* _Exercise prompt_: In the data below, find the line containing "Negritude Jr. fará show" and the line containing "Nostradamus-O.S.T. [Import]", then reproduce them and every line between, exactly. Omit pictures.

* _Excerpted records_:
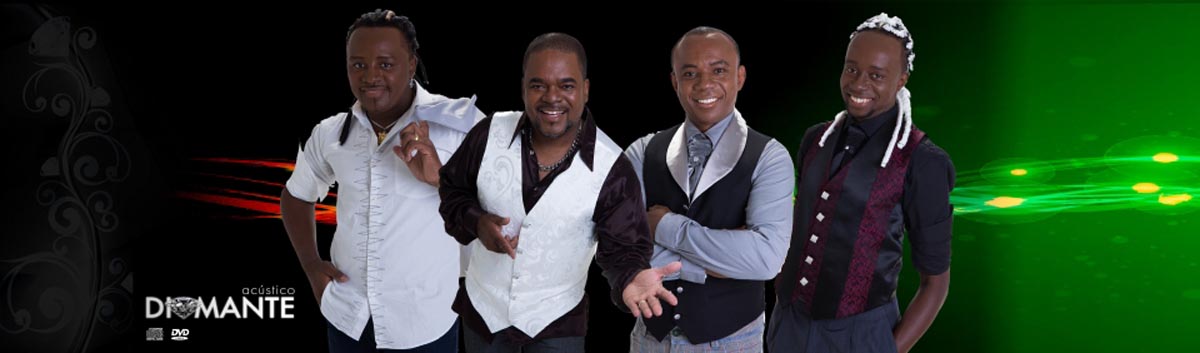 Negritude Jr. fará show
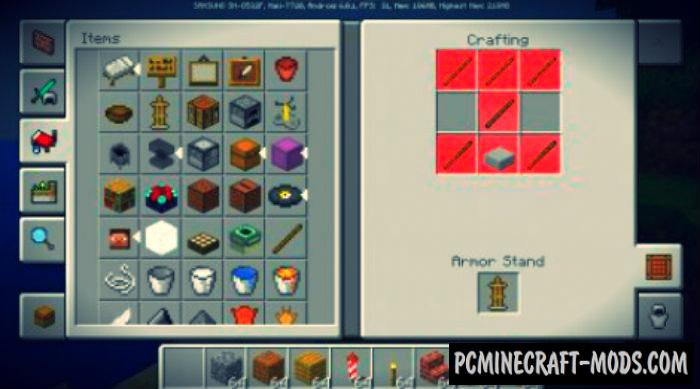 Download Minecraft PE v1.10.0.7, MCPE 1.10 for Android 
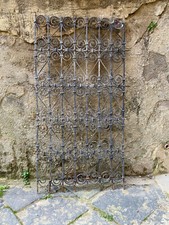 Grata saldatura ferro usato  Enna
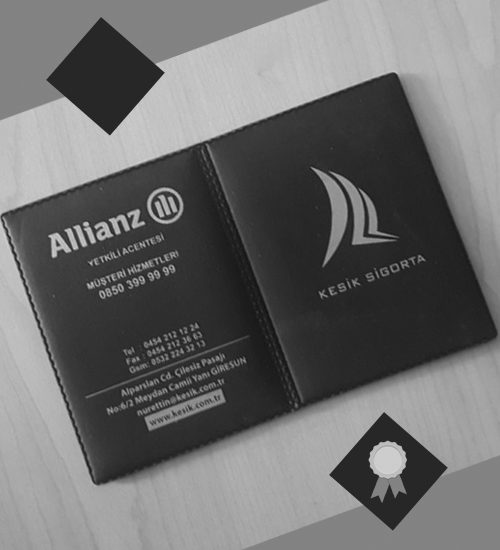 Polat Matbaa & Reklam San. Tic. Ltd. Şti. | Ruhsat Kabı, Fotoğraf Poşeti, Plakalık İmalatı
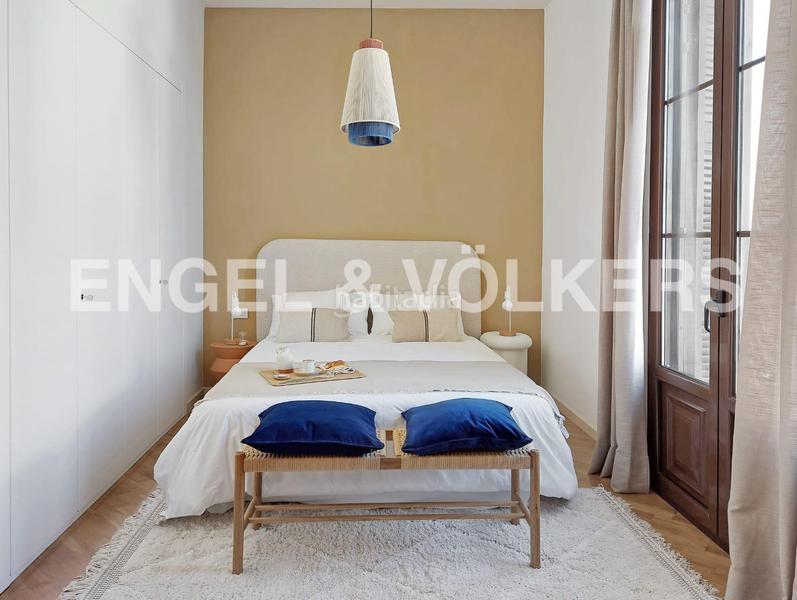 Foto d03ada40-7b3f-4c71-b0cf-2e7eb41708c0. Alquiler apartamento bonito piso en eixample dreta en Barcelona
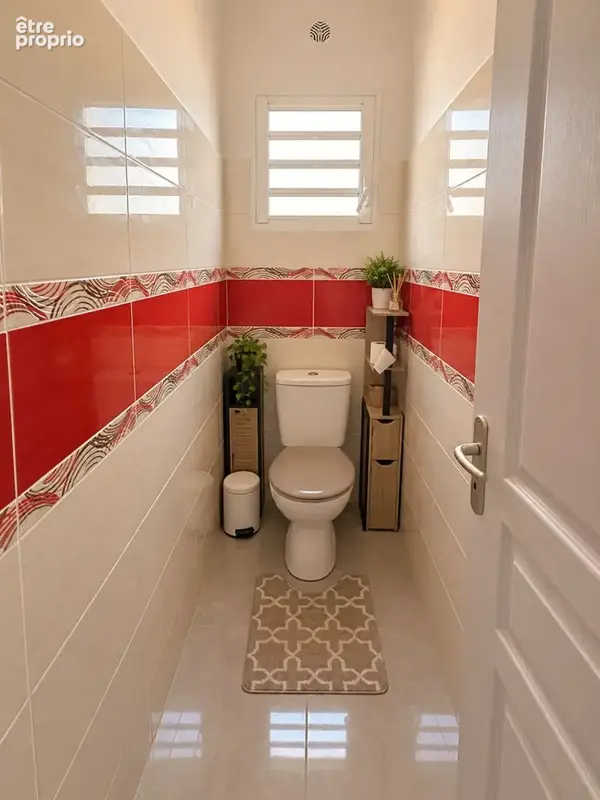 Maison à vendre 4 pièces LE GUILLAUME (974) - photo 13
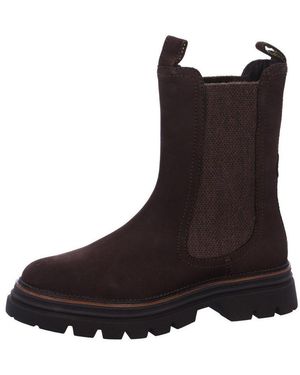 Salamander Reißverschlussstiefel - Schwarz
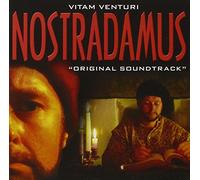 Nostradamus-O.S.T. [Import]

---

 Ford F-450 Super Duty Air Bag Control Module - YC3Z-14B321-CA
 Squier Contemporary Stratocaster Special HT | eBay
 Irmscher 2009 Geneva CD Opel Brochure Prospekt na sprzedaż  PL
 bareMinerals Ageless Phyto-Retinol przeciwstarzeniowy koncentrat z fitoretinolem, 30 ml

* _Result of this task_:
 Negritude Jr. fará show
 Download Minecraft PE v1.10.0.7, MCPE 1.10 for Android 
 Grata saldatura ferro usato  Enna
 Polat Matbaa & Reklam San. Tic. Ltd. Şti. | Ruhsat Kabı, Fotoğraf Poşeti, Plakalık İmalatı
 Foto d03ada40-7b3f-4c71-b0cf-2e7eb41708c0. Alquiler apartamento bonito piso en eixample dreta en Barcelona
 Maison à vendre 4 pièces LE GUILLAUME (974) - photo 13
 Salamander Reißverschlussstiefel - Schwarz
 Nostradamus-O.S.T. [Import]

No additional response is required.